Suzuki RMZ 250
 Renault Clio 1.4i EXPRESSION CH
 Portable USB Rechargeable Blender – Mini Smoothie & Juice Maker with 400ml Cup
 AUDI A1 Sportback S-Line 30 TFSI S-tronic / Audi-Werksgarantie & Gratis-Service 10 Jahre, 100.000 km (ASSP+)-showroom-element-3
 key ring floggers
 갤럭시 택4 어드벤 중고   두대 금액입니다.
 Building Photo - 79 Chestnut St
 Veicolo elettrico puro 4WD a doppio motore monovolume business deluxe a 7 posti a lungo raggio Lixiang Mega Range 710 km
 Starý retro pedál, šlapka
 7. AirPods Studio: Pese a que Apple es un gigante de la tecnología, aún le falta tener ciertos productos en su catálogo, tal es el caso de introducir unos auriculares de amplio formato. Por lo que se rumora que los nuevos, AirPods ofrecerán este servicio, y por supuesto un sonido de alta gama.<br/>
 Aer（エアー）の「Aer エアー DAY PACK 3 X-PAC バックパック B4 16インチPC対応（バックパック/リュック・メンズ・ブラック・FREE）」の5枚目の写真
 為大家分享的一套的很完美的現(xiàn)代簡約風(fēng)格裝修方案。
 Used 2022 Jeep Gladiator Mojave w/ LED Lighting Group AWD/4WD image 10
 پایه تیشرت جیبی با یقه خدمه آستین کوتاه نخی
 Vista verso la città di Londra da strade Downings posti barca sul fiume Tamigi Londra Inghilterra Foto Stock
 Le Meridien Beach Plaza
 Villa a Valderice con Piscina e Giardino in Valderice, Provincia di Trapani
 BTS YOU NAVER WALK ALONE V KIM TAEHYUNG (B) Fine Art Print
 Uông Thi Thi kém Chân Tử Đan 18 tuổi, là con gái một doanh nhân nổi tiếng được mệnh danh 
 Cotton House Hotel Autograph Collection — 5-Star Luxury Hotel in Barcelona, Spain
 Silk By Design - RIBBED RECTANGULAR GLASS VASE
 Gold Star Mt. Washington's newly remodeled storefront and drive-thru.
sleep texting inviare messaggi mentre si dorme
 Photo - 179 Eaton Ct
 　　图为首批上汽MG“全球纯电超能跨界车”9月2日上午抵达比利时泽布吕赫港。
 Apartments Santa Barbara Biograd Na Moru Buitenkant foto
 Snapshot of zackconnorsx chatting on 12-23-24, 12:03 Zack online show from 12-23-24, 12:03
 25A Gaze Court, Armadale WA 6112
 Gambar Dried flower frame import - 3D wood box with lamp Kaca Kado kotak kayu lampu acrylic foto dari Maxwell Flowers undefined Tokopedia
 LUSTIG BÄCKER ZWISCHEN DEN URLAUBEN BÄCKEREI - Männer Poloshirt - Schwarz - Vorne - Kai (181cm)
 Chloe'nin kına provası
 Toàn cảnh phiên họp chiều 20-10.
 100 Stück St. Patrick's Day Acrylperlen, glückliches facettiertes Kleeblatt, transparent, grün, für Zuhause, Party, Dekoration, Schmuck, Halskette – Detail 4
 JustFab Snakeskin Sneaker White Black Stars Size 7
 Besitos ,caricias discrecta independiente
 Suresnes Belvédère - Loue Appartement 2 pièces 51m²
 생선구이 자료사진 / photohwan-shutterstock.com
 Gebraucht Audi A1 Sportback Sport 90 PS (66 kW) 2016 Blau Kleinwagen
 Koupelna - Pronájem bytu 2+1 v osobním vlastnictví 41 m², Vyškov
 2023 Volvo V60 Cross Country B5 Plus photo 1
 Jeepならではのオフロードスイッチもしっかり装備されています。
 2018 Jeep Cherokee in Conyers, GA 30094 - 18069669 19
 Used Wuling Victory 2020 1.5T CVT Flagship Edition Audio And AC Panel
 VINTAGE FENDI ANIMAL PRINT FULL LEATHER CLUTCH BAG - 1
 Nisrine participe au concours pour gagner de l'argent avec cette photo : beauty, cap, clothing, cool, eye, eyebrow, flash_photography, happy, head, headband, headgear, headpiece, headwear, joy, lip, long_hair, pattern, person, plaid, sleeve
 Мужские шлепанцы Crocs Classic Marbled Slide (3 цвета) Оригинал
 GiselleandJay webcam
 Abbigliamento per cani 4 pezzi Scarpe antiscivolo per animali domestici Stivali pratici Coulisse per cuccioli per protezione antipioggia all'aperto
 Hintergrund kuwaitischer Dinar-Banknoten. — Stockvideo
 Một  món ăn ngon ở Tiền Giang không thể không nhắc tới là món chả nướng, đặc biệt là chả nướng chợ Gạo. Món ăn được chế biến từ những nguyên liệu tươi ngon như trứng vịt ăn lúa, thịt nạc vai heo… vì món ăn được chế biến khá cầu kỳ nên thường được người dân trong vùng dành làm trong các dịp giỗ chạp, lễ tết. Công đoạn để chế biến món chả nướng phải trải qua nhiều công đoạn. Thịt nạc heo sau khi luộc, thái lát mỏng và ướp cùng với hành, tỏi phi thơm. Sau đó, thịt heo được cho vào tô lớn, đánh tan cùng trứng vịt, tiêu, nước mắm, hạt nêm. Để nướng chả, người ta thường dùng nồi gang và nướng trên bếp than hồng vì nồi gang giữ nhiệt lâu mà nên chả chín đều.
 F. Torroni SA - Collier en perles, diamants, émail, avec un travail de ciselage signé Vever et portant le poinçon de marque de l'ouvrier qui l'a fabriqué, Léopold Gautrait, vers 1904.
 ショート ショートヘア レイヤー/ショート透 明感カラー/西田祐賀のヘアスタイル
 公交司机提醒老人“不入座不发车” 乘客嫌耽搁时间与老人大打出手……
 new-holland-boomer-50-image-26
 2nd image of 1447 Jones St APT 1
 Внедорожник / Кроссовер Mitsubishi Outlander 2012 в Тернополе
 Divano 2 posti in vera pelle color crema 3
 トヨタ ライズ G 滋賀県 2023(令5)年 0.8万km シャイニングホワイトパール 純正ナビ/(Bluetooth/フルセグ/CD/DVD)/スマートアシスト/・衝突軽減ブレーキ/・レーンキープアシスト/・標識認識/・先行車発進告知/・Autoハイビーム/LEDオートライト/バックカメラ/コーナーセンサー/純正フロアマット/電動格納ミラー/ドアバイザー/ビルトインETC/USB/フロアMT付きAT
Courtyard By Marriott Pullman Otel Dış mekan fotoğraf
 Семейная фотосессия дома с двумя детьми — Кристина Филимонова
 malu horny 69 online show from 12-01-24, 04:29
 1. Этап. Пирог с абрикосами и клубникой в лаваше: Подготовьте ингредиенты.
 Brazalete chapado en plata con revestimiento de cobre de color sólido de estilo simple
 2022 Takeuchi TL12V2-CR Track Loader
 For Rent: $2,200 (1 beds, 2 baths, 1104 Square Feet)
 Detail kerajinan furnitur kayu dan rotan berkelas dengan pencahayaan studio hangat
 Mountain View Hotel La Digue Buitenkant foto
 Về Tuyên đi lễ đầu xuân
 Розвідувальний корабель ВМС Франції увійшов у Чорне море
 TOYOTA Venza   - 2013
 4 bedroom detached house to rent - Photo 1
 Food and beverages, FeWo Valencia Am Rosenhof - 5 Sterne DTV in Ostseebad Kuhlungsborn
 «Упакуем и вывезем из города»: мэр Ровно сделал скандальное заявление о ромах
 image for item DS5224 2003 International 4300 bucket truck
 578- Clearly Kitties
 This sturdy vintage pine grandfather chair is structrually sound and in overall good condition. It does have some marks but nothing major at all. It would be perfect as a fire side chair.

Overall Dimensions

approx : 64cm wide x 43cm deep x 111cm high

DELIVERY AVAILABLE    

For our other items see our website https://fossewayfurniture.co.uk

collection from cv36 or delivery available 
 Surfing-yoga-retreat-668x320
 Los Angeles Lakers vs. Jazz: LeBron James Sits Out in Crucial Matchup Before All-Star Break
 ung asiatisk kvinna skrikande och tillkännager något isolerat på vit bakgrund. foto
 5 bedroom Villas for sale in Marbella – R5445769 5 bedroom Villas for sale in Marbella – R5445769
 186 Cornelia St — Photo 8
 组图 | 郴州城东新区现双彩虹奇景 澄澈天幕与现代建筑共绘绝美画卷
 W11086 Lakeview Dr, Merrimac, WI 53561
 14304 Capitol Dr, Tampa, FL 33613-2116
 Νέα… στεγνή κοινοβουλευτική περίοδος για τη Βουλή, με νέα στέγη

------------------------------------------------------------

## What is needed
Wherever the word "from" occurs in the data above, copy the line it sits in.

## Solution for this exercise
 Snapshot of zackconnorsx chatting on 12-23-24, 12:03 Zack online show from 12-23-24, 12:03
 malu horny 69 online show from 12-01-24, 04:29
collection from cv36 or delivery available 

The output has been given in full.